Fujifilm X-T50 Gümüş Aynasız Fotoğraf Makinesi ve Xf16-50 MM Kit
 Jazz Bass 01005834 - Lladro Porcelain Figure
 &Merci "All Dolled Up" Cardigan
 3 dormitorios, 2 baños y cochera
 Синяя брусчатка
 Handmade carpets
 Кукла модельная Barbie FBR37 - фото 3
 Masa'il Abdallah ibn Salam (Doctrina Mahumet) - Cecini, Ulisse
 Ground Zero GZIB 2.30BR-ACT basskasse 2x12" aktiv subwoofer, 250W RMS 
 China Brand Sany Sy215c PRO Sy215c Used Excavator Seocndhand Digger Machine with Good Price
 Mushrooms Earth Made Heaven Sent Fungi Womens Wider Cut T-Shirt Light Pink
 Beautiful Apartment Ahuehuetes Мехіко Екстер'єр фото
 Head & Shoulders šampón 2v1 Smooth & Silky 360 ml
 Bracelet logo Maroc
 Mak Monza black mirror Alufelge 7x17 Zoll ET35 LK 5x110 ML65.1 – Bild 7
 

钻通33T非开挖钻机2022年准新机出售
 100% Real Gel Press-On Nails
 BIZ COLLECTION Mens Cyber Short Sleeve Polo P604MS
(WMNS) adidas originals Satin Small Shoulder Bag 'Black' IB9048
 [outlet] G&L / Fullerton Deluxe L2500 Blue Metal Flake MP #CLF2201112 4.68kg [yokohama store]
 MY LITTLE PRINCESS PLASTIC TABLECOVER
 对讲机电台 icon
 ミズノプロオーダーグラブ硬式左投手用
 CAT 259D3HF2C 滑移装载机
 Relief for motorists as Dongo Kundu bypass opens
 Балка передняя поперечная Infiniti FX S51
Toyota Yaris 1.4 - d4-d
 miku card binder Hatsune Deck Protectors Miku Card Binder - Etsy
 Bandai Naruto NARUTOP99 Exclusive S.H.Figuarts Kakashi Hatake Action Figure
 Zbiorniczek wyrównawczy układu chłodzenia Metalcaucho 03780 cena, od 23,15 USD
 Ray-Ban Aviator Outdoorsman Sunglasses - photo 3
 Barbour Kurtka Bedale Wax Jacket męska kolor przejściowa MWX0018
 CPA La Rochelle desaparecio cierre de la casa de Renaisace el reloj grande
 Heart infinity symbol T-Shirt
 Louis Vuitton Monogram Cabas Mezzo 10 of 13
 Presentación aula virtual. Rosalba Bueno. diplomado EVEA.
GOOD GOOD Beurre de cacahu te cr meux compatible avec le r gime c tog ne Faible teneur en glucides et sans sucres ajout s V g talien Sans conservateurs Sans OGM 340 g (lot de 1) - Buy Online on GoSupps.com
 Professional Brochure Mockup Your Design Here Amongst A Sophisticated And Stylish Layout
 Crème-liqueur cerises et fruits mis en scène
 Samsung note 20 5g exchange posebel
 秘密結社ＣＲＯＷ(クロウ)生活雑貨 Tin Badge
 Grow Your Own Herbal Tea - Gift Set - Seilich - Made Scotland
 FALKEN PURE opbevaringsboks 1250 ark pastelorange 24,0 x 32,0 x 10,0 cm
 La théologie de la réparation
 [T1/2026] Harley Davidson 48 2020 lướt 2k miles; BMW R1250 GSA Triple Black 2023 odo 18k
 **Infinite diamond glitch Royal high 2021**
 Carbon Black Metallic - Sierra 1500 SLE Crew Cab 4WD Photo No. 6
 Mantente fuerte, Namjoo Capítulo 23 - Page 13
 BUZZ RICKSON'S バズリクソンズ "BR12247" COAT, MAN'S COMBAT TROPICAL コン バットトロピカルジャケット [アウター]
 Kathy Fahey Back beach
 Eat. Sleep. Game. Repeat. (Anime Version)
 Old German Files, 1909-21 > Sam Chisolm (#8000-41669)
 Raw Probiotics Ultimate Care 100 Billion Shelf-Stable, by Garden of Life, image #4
******
=== What to work on ===
If a line in the listing contains "фото", it counts. Say how many lines count, with no other words.

=== Solution to the exercise ===
2